> [PROBLEM TO SOLVE]: Output each record verbatim, with pictures left out.

> [TASK DATA]:
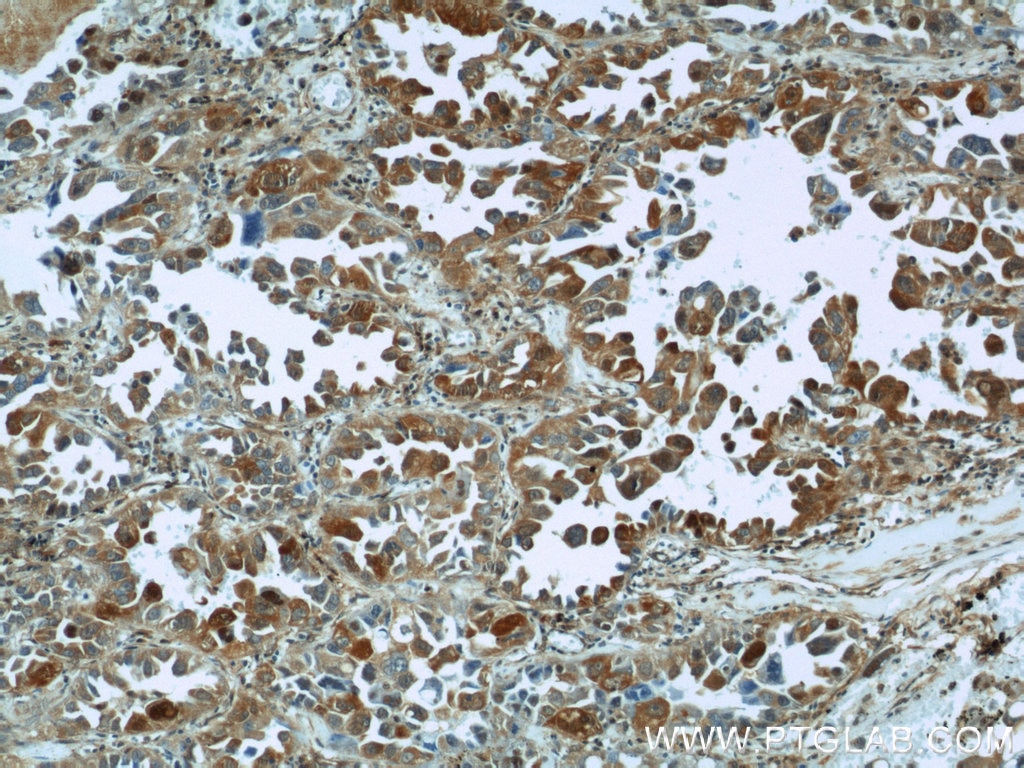 Immunohistochemistry (IHC) staining of human lung cancer tissue using VCP Polyclonal antibody (10736-1-AP)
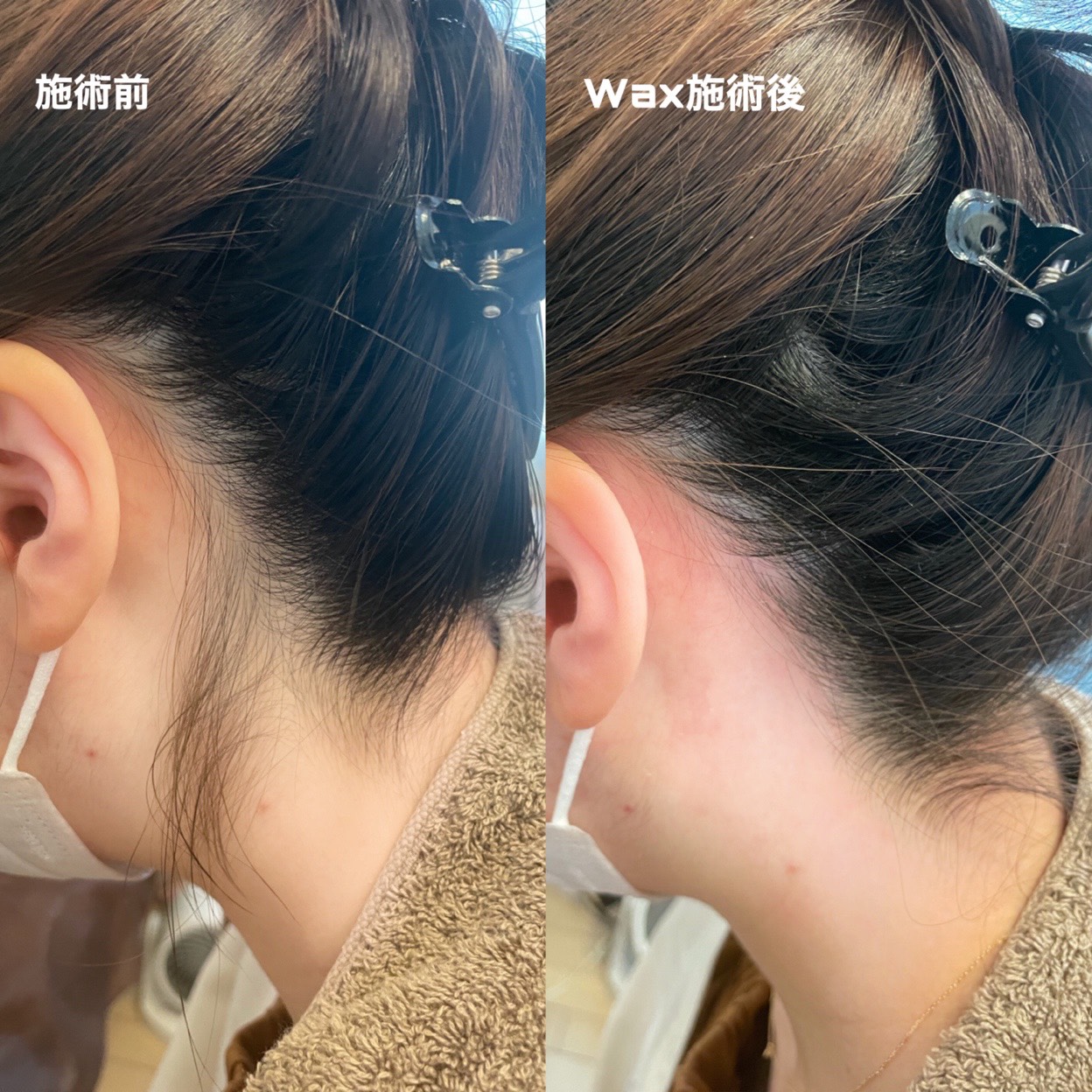 うなじ脱毛の施術画像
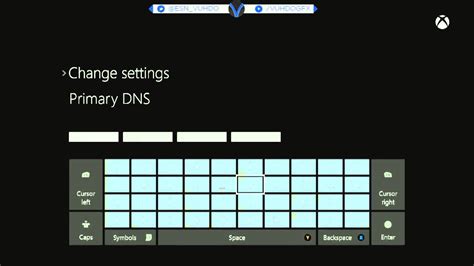 Image result for NAT Type Strict Error Xbox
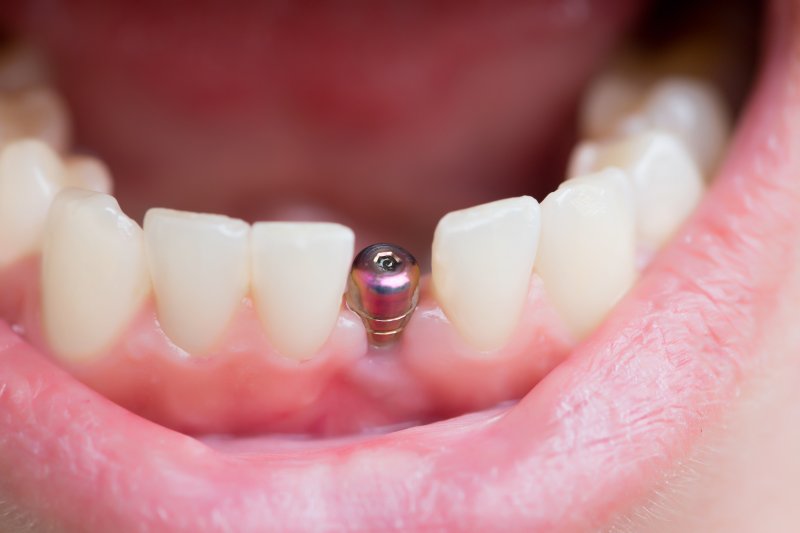 A patient’s mouth after a dental implant surgery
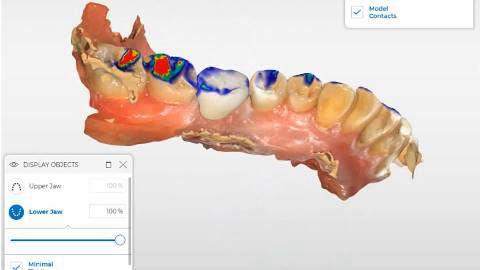 New Ceramic Dental Crown Placed Perfectly by CAD CAM System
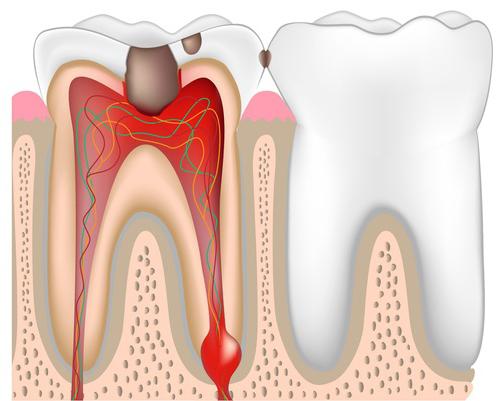 болит зуб после лечения глубокого кариеса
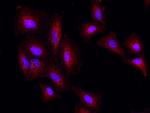 PSPH Antibody in Immunocytochemistry (ICC/IF)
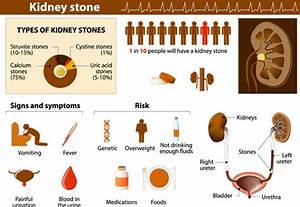 Kidney Stones Associated Urological Specialists
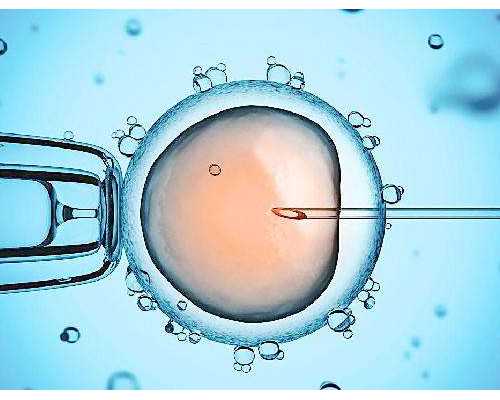 泰国试管婴儿翻译需不需要请？,包男孩代怀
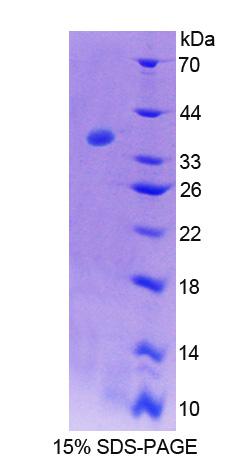 Recombinant Interleukin 2 Receptor Alpha (IL2Ra)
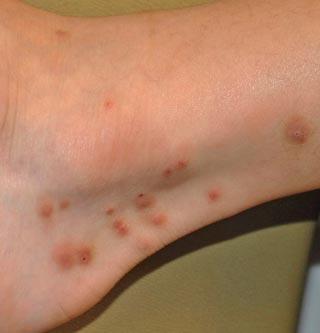 Ψύλλος κοριός η ψαλίδα; Δες εικόνες για να καταλάβεις τι σε τσίμπησε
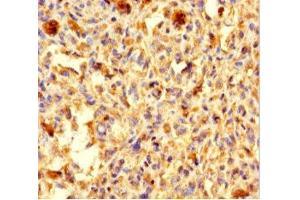 Immunohistochemistry of paraffin-embedded human melanoma using ABIN7146155 at dilution of 1:100 (C2 Calcium-Dependent Domain-Containing Protein 6 (C2CD6) (AA 401-623) 抗体)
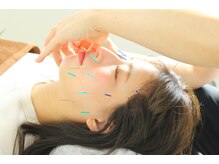 しのとう鍼灸整体院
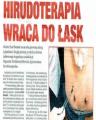 STAWIANIE PIJAWKI PIJAWEK LEKARSKICH GDAŃSK SOPOT GDYNIA GABINET MEDNATURAL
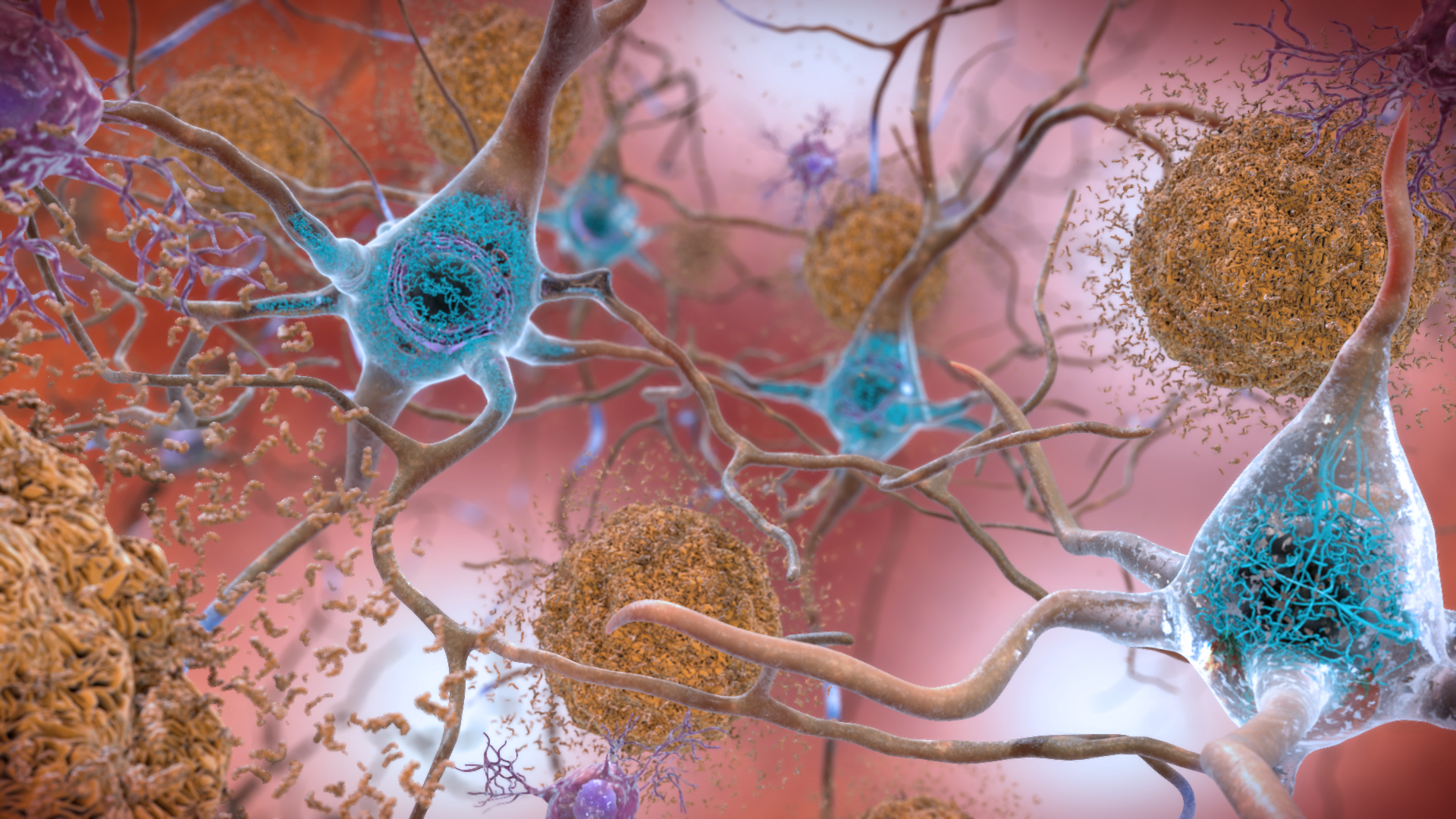 Placque-ridden neurons in a brain affected by Alzheimer's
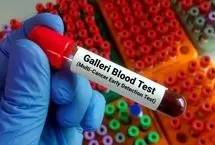 آزمایش خونی که بیش از ۵۰ نوع سرطان را در مراحل اولیه تشخیص می دهد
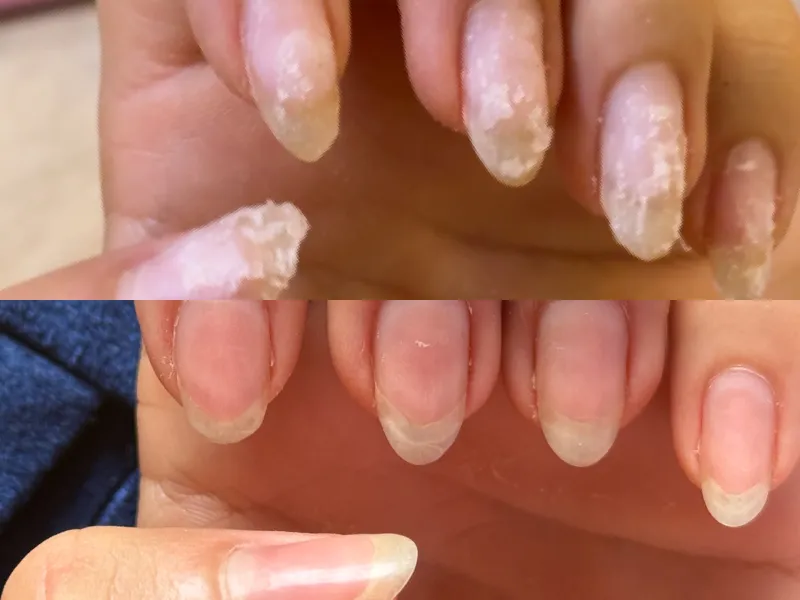 Lee más sobre el artículo Testimonio uñas 8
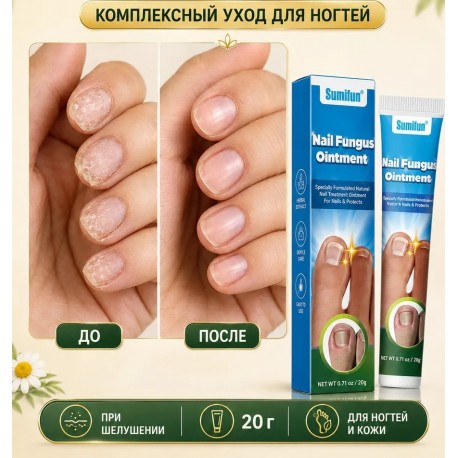 Мазь Sumifun Nail Fungus Ointment для лечения паронихии 20 г оптом-7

> [SOLUTION FOR THIS PROBLEM]:
 Immunohistochemistry (IHC) staining of human lung cancer tissue using VCP Polyclonal antibody (10736-1-AP)
 うなじ脱毛の施術画像
 Image result for NAT Type Strict Error Xbox
 A patient’s mouth after a dental implant surgery
 New Ceramic Dental Crown Placed Perfectly by CAD CAM System
 болит зуб после лечения глубокого кариеса
 PSPH Antibody in Immunocytochemistry (ICC/IF)
 Kidney Stones Associated Urological Specialists
 泰国试管婴儿翻译需不需要请？,包男孩代怀
 Recombinant Interleukin 2 Receptor Alpha (IL2Ra)
 Ψύλλος κοριός η ψαλίδα; Δες εικόνες για να καταλάβεις τι σε τσίμπησε
 Immunohistochemistry of paraffin-embedded human melanoma using ABIN7146155 at dilution of 1:100 (C2 Calcium-Dependent Domain-Containing Protein 6 (C2CD6) (AA 401-623) 抗体)
 しのとう鍼灸整体院
 STAWIANIE PIJAWKI PIJAWEK LEKARSKICH GDAŃSK SOPOT GDYNIA GABINET MEDNATURAL
 Placque-ridden neurons in a brain affected by Alzheimer's
 آزمایش خونی که بیش از ۵۰ نوع سرطان را در مراحل اولیه تشخیص می دهد
 Lee más sobre el artículo Testimonio uñas 8
 Мазь Sumifun Nail Fungus Ointment для лечения паронихии 20 г оптом-7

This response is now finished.